The NBA and union reached an agreement on the framework for a new collective bargaining agreement on Tuesday.

The agreement appears to be a real compromise by both sides. In fact, NBA commissioner David Stern called the deal a "50-50 agreement" at the press conference.

The owners got several concessions they wanted: slightly shorter player contracts, smaller raises, shorter guaranteed rookie contracts and an age minimum.

The players received a guarantee that 57 percent of basketball-related income would be paid to the players. They also got an increase in the salary cap, a small reduction in the amount of escrow taxes on their salaries and a general raise in the caps on salaries.

Over the course of the next few weeks, the two sides will work out the final details and draft the CBA, and the finer points of the agreement will come to light.

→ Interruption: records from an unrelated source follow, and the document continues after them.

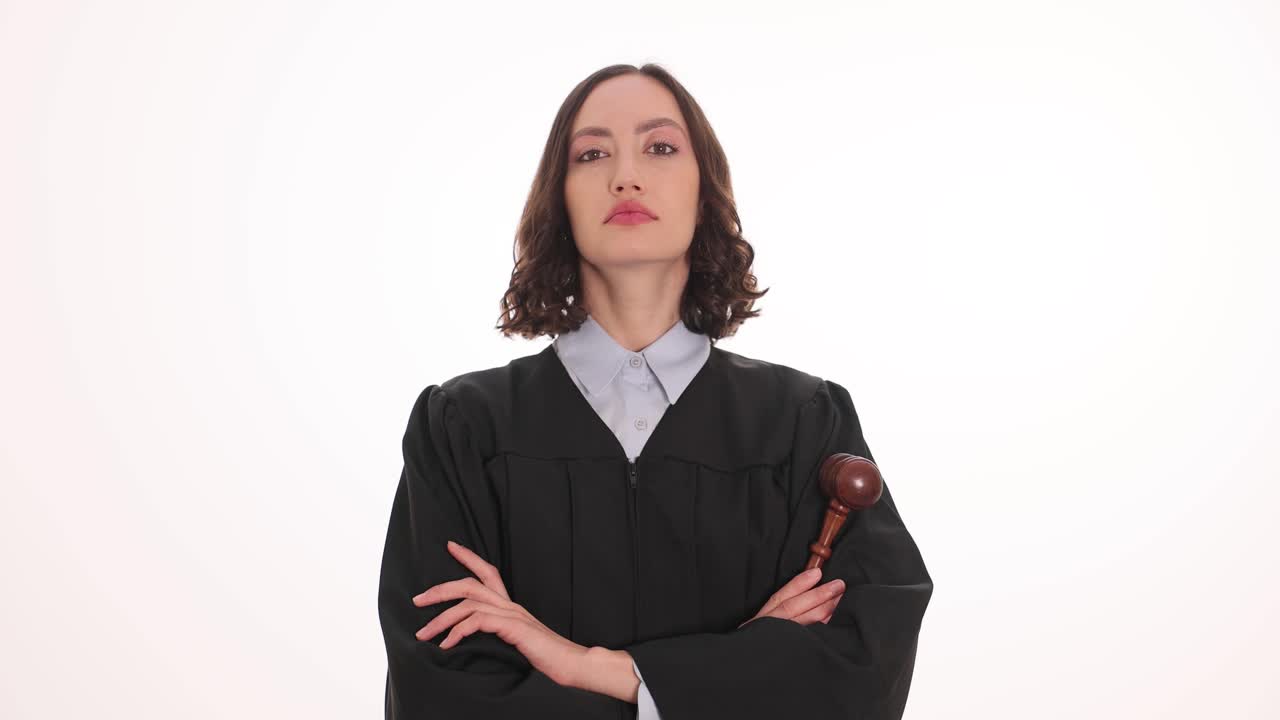 Serious Female Judge with Gavel and Crossed Arms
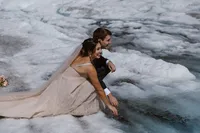 Bride and groom crouch together beside a deep blue crevasse on an Alaska glacier, smiling as they explore the ice.
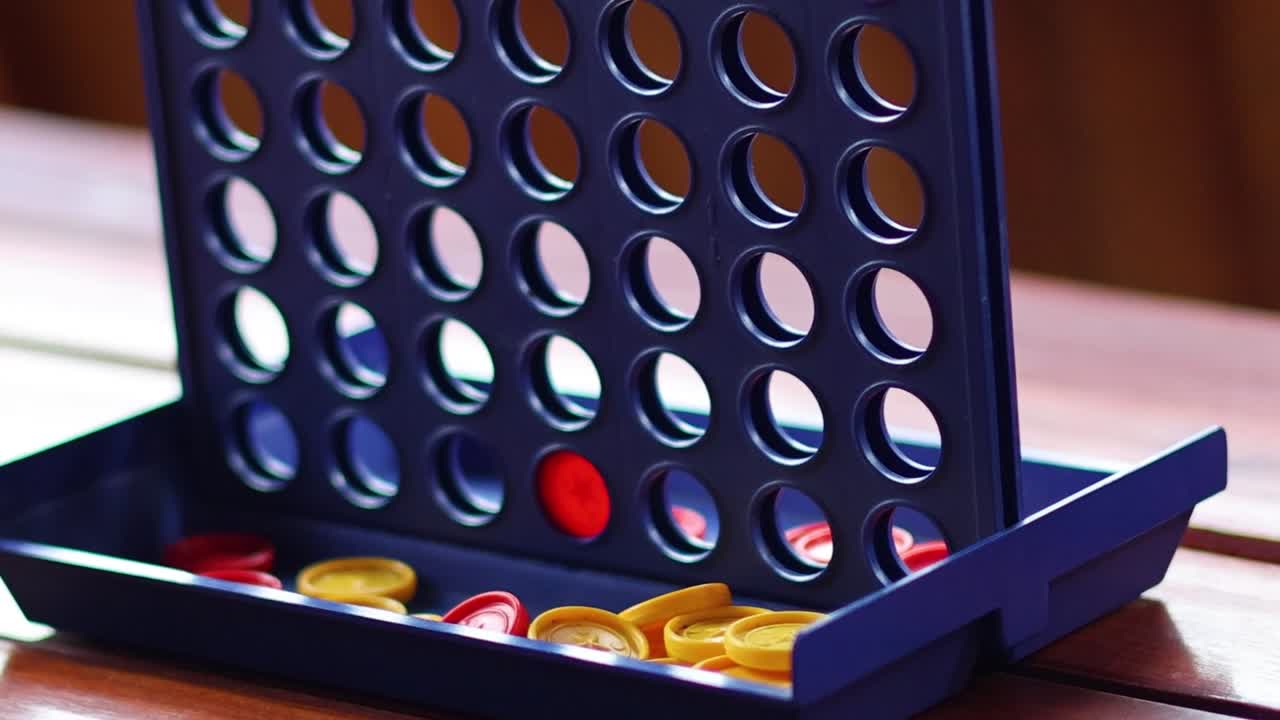 A detailed view of red and yellow discs in a Connect Four game on a wooden table.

Until then, here's a broad overview of what the new agreement means for free agency and the draft, based on the league's statement, Stern and Billy Hunter's press conference and an exclusive Insider interview with deputy commisoner Russ Granik on Tuesday evening.

The draft

Three big changes in the CBA should have a big effect on both this year's and next year's draft -- the increase in the minimum age to 19, the reduction of guaranteed years on rookie contracts and the development of the NBDL as a legitimate minor league.

The age minimum

Currently, players are eligible to declare for the NBA draft after their high school senior class graduation, if they are from the United States. If they are international players, they must be 18 years old by the night of the draft.

For several years, Stern has been vocal in calling for an age minimum of 20 for players to be eligible for the draft. Union director Billy Hunter has been just as vocal opposing the limit.

The players and owners agreed to a compromise that sets the age minimum at 19, plus one year removed from high school for American players.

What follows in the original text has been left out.